▸ **Items from a dataset**
==================================================
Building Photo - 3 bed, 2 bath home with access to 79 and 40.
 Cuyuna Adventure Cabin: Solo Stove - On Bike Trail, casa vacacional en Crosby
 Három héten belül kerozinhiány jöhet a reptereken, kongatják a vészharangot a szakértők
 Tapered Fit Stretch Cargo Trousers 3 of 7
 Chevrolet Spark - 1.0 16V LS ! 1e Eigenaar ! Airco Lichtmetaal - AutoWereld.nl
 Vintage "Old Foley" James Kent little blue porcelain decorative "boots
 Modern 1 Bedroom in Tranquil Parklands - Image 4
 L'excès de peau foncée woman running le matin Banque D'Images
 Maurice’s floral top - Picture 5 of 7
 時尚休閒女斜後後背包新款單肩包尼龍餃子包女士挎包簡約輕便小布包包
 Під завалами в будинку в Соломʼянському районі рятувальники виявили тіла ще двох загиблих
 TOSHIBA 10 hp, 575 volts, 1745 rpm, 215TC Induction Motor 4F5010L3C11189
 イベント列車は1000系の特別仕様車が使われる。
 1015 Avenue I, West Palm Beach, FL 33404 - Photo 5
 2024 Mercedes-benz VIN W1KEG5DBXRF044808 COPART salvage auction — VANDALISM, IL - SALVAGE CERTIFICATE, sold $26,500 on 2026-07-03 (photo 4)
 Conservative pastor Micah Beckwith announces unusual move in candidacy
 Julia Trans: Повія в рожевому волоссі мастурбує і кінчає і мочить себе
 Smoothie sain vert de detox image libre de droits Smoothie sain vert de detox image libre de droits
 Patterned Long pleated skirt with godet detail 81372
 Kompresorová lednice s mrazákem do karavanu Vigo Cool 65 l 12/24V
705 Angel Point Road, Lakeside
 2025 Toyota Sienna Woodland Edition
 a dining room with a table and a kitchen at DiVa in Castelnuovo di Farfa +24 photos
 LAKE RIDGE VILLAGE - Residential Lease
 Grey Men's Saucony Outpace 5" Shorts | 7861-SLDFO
==================================================
▸ **Assigned task**
Reproduce the lines of the entries above from the one with "Cuyuna Adventure Cabin: Solo" to the one with "Chevrolet Spark - 1.0", both included, exactly and without any other line.

▸ **The completed task**
 Cuyuna Adventure Cabin: Solo Stove - On Bike Trail, casa vacacional en Crosby
 Három héten belül kerozinhiány jöhet a reptereken, kongatják a vészharangot a szakértők
 Tapered Fit Stretch Cargo Trousers 3 of 7
 Chevrolet Spark - 1.0 16V LS ! 1e Eigenaar ! Airco Lichtmetaal - AutoWereld.nl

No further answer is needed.